# EXERCISE AIM:
Find the line containing "MTX Audio MONITOR5i" in the records below. Copy exactly that line and each one after it, ending at the line containing "ZEUS Omega-50 30/20", and nothing more.

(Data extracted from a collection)
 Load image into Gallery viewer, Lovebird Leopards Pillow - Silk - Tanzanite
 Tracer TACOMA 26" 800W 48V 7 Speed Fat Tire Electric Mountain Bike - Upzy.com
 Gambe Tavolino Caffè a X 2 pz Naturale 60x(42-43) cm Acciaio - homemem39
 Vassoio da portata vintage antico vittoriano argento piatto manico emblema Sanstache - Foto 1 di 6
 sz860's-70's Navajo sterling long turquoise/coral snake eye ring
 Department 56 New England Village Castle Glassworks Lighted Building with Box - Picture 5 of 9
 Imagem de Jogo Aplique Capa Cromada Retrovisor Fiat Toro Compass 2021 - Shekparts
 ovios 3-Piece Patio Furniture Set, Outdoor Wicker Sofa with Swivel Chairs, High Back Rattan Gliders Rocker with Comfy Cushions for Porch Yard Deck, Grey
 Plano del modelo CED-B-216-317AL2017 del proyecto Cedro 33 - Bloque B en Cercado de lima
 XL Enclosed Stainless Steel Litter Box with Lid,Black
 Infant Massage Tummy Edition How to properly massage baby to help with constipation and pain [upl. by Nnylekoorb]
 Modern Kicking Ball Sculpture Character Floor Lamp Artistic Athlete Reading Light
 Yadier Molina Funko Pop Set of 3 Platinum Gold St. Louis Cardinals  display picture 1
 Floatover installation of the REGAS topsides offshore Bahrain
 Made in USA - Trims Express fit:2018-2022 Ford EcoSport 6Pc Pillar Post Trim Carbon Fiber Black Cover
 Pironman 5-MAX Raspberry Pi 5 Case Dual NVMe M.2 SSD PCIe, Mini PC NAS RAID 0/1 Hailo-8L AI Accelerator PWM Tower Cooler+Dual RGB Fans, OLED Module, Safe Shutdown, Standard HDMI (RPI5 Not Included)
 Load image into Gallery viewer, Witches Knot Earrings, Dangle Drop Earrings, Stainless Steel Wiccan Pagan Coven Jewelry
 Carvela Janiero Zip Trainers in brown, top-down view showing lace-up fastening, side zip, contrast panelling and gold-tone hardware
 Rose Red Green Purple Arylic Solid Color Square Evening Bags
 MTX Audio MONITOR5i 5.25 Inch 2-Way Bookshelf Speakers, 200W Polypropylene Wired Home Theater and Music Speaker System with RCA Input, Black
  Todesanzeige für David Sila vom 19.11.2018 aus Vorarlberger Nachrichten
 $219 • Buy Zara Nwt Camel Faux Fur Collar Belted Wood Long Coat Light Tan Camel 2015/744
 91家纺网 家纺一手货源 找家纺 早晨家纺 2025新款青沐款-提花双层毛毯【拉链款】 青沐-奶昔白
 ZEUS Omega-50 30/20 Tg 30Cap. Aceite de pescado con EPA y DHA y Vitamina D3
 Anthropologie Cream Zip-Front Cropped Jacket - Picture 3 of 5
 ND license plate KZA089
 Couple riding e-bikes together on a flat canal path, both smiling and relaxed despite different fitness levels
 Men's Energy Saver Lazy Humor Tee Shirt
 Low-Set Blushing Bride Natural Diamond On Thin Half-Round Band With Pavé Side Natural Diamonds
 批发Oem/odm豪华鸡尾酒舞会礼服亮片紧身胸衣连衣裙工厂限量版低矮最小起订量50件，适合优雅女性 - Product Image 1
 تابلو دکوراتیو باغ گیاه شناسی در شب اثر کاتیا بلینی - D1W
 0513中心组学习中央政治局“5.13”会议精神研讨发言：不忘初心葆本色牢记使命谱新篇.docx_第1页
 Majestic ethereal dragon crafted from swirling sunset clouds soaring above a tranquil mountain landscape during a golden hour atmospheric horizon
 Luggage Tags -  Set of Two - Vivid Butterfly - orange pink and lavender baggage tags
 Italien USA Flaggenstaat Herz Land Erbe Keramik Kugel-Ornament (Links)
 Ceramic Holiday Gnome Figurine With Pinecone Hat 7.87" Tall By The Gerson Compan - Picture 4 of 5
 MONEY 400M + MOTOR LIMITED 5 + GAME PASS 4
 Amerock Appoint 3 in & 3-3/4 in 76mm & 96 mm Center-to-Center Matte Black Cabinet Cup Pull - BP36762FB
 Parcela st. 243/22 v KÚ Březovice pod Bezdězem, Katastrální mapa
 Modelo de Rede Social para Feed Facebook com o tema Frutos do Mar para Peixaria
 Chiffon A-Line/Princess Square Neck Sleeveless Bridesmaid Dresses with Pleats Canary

# ANSWER TO THIS TASK:
 MTX Audio MONITOR5i 5.25 Inch 2-Way Bookshelf Speakers, 200W Polypropylene Wired Home Theater and Music Speaker System with RCA Input, Black
  Todesanzeige für David Sila vom 19.11.2018 aus Vorarlberger Nachrichten
 $219 • Buy Zara Nwt Camel Faux Fur Collar Belted Wood Long Coat Light Tan Camel 2015/744
 91家纺网 家纺一手货源 找家纺 早晨家纺 2025新款青沐款-提花双层毛毯【拉链款】 青沐-奶昔白
 ZEUS Omega-50 30/20 Tg 30Cap. Aceite de pescado con EPA y DHA y Vitamina D3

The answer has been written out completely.